The Left Can Win Without Immigration Restrictionism

The New York Times’ David Leonhardt argues that Danish Social Democrats succeeded by restricting immigration and suggests other center-left parties may need to follow suit. Yet other recent European left parties have succeeded through a different path.

Spanish Socialist prime minister Pedro Sánchez seen at the Spanish Congress of Deputies in Madrid, Spain, on February 12, 2025. (Alberto Gardin / SOPA Images / LightRocket via Getty Images)


David Leonhardt has written a detailed article for the New York Times arguing that the Danish Social Democrats and their leader, Mette Frederiksen, could be a model for the center left throughout Europe and North America: “Over the past several years, there is arguably not a single high-income country where a center-left party has managed to enact progressive policies and win re-election — with the exception of Denmark.”

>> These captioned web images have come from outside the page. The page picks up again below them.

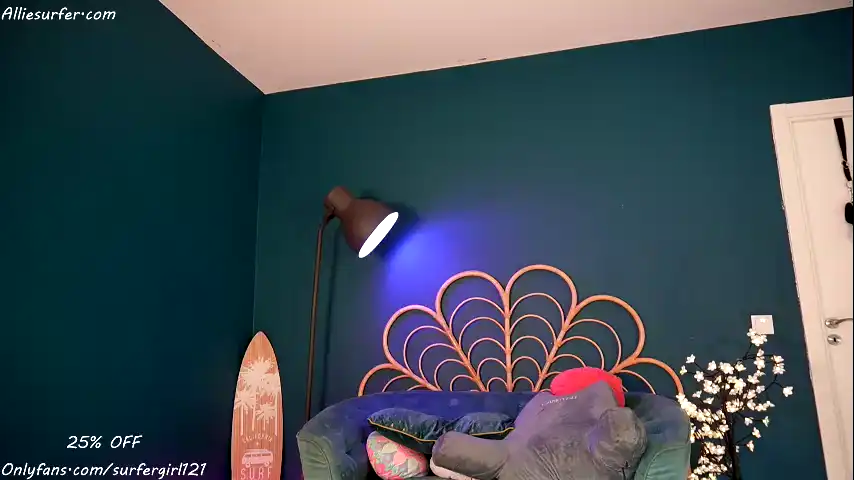 Surfergirl121 Chaturbate - Live Video Recording - 2025 03-04 03:54:60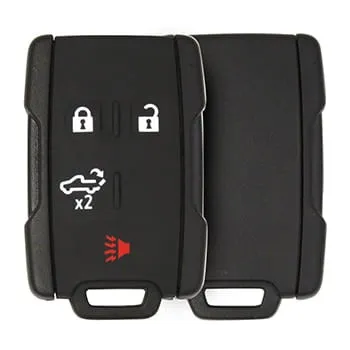 813086121 Genuine Chevrolet Smart Proximity Remote Type Fobik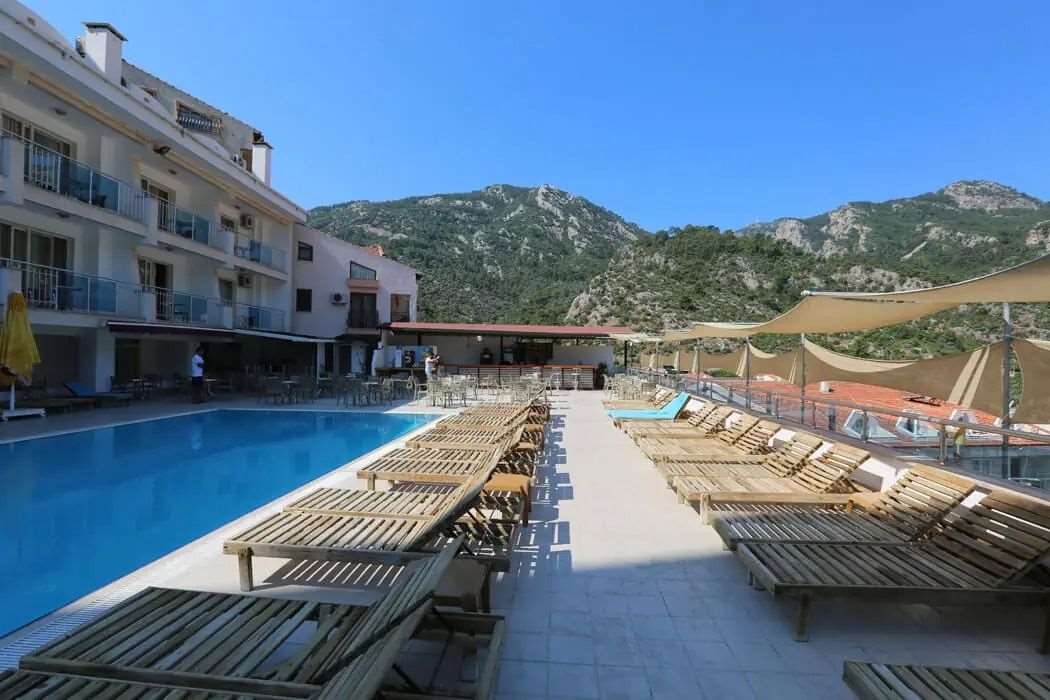 Meric Hotel Turunc 3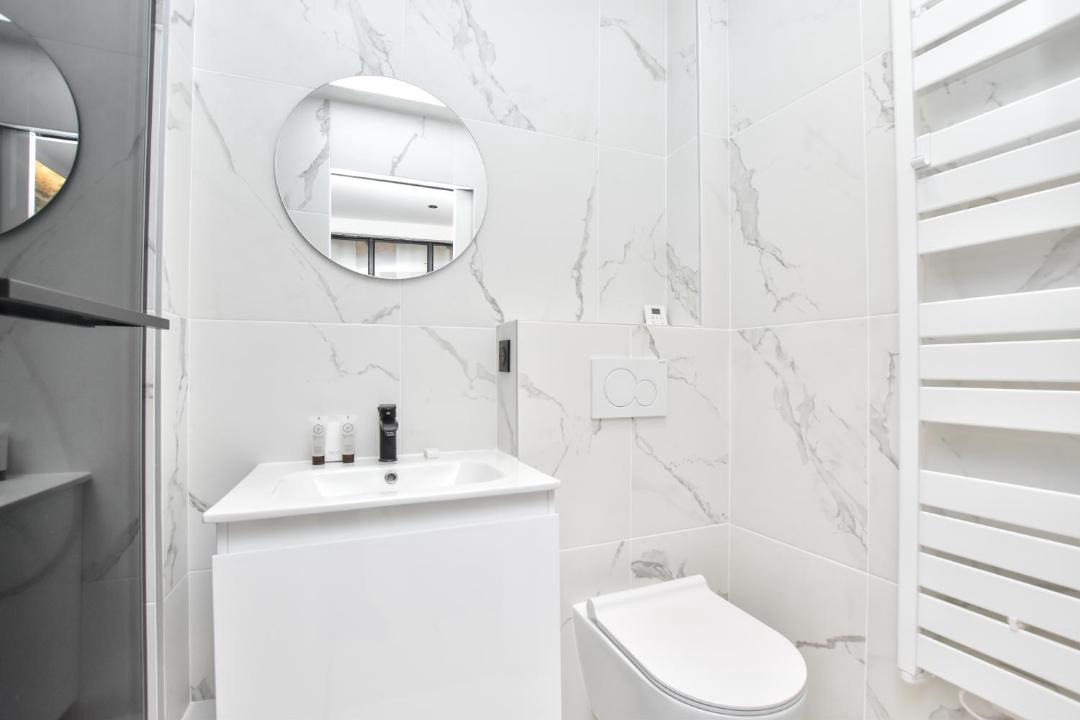 Photo of Bathroom in Bonne-Nouvelle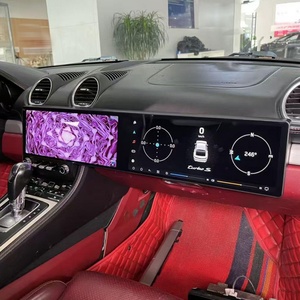 Modification et mise à niveau des systèmes multimédias Android à double écran pour Porsche 911 991 718 (2012-2019) - Product Image 5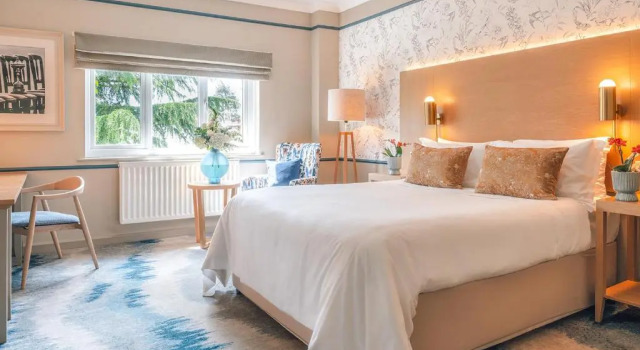 Семейный номер Standard The Belfry Hotel & Resort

Leonhardt goes on to argue that Frederiksen’s party won the political space to carry out those measures by adopting a more restrictive immigration policy. The Danish experience deserves careful analysis in its own right, but I want to take issue here with the wider premise of what Leonhardt has written: the idea that Denmark is a unique example of success during the period since 2019, when Frederiksen contested her first general election as party leader.

In fact, there are two other West European countries where center-left parties have been reelected in that time frame after carrying out undeniably progressive policies: Spain and Portugal. Like Frederiksen and the Danish Social Democrats, the Spanish and Portuguese Socialists had to work with other parties to form a government. In both cases, an alliance with the radical left was the foundation stone for these successes.